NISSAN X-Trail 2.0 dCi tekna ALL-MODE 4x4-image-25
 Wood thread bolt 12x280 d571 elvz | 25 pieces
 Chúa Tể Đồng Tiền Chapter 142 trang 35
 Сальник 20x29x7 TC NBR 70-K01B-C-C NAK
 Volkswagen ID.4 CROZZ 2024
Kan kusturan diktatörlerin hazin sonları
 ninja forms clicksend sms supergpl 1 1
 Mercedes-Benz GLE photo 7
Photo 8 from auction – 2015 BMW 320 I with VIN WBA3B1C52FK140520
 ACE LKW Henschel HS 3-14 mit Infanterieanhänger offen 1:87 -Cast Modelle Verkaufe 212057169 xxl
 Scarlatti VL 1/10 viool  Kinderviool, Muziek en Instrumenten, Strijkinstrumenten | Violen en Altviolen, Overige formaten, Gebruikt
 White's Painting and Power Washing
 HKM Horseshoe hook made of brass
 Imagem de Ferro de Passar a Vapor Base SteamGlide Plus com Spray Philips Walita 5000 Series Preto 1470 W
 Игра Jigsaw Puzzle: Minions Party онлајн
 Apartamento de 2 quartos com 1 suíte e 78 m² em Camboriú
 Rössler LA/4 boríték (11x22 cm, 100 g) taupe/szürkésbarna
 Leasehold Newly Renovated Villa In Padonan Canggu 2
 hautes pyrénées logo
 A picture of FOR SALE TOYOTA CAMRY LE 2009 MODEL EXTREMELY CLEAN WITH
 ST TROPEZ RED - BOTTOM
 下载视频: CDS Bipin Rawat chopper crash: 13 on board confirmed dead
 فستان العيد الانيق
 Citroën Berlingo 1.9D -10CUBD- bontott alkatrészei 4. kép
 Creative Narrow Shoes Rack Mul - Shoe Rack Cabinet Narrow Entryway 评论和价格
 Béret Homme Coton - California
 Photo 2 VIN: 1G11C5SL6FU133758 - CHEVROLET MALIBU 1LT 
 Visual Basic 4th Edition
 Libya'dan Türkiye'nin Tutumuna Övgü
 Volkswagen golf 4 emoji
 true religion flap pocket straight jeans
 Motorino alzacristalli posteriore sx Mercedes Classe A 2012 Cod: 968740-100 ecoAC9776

· · · · · · ·

#### Task description
Beginning with the first line and ending with the last, restate the data word for word.

#### Written answer
NISSAN X-Trail 2.0 dCi tekna ALL-MODE 4x4-image-25
 Wood thread bolt 12x280 d571 elvz | 25 pieces
 Chúa Tể Đồng Tiền Chapter 142 trang 35
 Сальник 20x29x7 TC NBR 70-K01B-C-C NAK
 Volkswagen ID.4 CROZZ 2024
Kan kusturan diktatörlerin hazin sonları
 ninja forms clicksend sms supergpl 1 1
 Mercedes-Benz GLE photo 7
Photo 8 from auction – 2015 BMW 320 I with VIN WBA3B1C52FK140520
 ACE LKW Henschel HS 3-14 mit Infanterieanhänger offen 1:87 -Cast Modelle Verkaufe 212057169 xxl
 Scarlatti VL 1/10 viool  Kinderviool, Muziek en Instrumenten, Strijkinstrumenten | Violen en Altviolen, Overige formaten, Gebruikt
 White's Painting and Power Washing
 HKM Horseshoe hook made of brass
 Imagem de Ferro de Passar a Vapor Base SteamGlide Plus com Spray Philips Walita 5000 Series Preto 1470 W
 Игра Jigsaw Puzzle: Minions Party онлајн
 Apartamento de 2 quartos com 1 suíte e 78 m² em Camboriú
 Rössler LA/4 boríték (11x22 cm, 100 g) taupe/szürkésbarna
 Leasehold Newly Renovated Villa In Padonan Canggu 2
 hautes pyrénées logo
 A picture of FOR SALE TOYOTA CAMRY LE 2009 MODEL EXTREMELY CLEAN WITH
 ST TROPEZ RED - BOTTOM
 下载视频: CDS Bipin Rawat chopper crash: 13 on board confirmed dead
 فستان العيد الانيق
 Citroën Berlingo 1.9D -10CUBD- bontott alkatrészei 4. kép
 Creative Narrow Shoes Rack Mul - Shoe Rack Cabinet Narrow Entryway 评论和价格
 Béret Homme Coton - California
 Photo 2 VIN: 1G11C5SL6FU133758 - CHEVROLET MALIBU 1LT 
 Visual Basic 4th Edition
 Libya'dan Türkiye'nin Tutumuna Övgü
 Volkswagen golf 4 emoji
 true religion flap pocket straight jeans
 Motorino alzacristalli posteriore sx Mercedes Classe A 2012 Cod: 968740-100 ecoAC9776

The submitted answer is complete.